Start of Block

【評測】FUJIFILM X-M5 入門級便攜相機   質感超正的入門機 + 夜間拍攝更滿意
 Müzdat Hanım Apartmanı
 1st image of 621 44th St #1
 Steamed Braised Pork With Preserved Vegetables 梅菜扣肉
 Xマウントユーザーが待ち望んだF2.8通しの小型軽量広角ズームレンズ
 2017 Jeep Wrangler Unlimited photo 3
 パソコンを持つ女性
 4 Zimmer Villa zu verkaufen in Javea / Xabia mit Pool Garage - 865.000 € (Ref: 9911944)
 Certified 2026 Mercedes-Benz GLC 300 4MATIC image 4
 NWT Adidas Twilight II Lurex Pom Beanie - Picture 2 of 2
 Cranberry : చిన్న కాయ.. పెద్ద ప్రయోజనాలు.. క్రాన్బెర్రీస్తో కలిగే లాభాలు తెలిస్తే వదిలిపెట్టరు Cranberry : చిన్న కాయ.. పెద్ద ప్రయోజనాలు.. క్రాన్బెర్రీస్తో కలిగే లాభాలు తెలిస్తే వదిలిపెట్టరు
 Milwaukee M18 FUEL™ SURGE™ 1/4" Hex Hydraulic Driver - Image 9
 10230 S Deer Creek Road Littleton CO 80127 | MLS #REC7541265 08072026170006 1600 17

End of Block

Without changing a single character, write out all of the entries.

【評測】FUJIFILM X-M5 入門級便攜相機   質感超正的入門機 + 夜間拍攝更滿意
 Müzdat Hanım Apartmanı
 1st image of 621 44th St #1
 Steamed Braised Pork With Preserved Vegetables 梅菜扣肉
 Xマウントユーザーが待ち望んだF2.8通しの小型軽量広角ズームレンズ
 2017 Jeep Wrangler Unlimited photo 3
 パソコンを持つ女性
 4 Zimmer Villa zu verkaufen in Javea / Xabia mit Pool Garage - 865.000 € (Ref: 9911944)
 Certified 2026 Mercedes-Benz GLC 300 4MATIC image 4
 NWT Adidas Twilight II Lurex Pom Beanie - Picture 2 of 2
 Cranberry : చిన్న కాయ.. పెద్ద ప్రయోజనాలు.. క్రాన్బెర్రీస్తో కలిగే లాభాలు తెలిస్తే వదిలిపెట్టరు Cranberry : చిన్న కాయ.. పెద్ద ప్రయోజనాలు.. క్రాన్బెర్రీస్తో కలిగే లాభాలు తెలిస్తే వదిలిపెట్టరు
 Milwaukee M18 FUEL™ SURGE™ 1/4" Hex Hydraulic Driver - Image 9
 10230 S Deer Creek Road Littleton CO 80127 | MLS #REC7541265 08072026170006 1600 17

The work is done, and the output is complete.